> Work item: Take the line that contains "JBL TraceMarin 1 500ml" as the first line and the last line of the material below as the final one; reproduce exactly the lines between, inclusive.

> Data to process:
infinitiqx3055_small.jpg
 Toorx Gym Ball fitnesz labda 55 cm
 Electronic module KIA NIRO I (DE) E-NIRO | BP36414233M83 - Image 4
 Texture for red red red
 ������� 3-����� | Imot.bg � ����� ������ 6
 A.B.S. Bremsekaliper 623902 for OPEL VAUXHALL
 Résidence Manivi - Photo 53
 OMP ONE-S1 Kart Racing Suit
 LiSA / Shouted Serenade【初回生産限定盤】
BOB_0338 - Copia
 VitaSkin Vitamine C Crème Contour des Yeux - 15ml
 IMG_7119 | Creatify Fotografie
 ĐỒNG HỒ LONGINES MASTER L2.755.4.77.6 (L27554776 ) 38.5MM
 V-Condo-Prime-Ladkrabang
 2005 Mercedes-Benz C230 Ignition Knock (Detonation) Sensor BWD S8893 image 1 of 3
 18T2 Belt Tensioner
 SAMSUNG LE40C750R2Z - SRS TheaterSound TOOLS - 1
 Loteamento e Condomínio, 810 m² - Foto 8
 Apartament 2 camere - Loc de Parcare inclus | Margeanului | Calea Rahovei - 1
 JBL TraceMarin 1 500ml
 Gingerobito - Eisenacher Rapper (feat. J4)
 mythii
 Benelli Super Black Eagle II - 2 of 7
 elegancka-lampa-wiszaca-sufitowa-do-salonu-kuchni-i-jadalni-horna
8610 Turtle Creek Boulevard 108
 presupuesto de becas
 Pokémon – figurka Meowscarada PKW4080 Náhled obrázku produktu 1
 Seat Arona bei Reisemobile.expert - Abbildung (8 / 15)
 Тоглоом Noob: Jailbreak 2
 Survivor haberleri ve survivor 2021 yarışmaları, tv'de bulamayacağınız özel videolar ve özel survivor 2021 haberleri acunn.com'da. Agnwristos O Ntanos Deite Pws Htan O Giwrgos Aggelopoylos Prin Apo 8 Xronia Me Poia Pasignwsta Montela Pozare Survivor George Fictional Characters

> Answer box:
 JBL TraceMarin 1 500ml
 Gingerobito - Eisenacher Rapper (feat. J4)
 mythii
 Benelli Super Black Eagle II - 2 of 7
 elegancka-lampa-wiszaca-sufitowa-do-salonu-kuchni-i-jadalni-horna
8610 Turtle Creek Boulevard 108
 presupuesto de becas
 Pokémon – figurka Meowscarada PKW4080 Náhled obrázku produktu 1
 Seat Arona bei Reisemobile.expert - Abbildung (8 / 15)
 Тоглоом Noob: Jailbreak 2
 Survivor haberleri ve survivor 2021 yarışmaları, tv'de bulamayacağınız özel videolar ve özel survivor 2021 haberleri acunn.com'da. Agnwristos O Ntanos Deite Pws Htan O Giwrgos Aggelopoylos Prin Apo 8 Xronia Me Poia Pasignwsta Montela Pozare Survivor George Fictional Characters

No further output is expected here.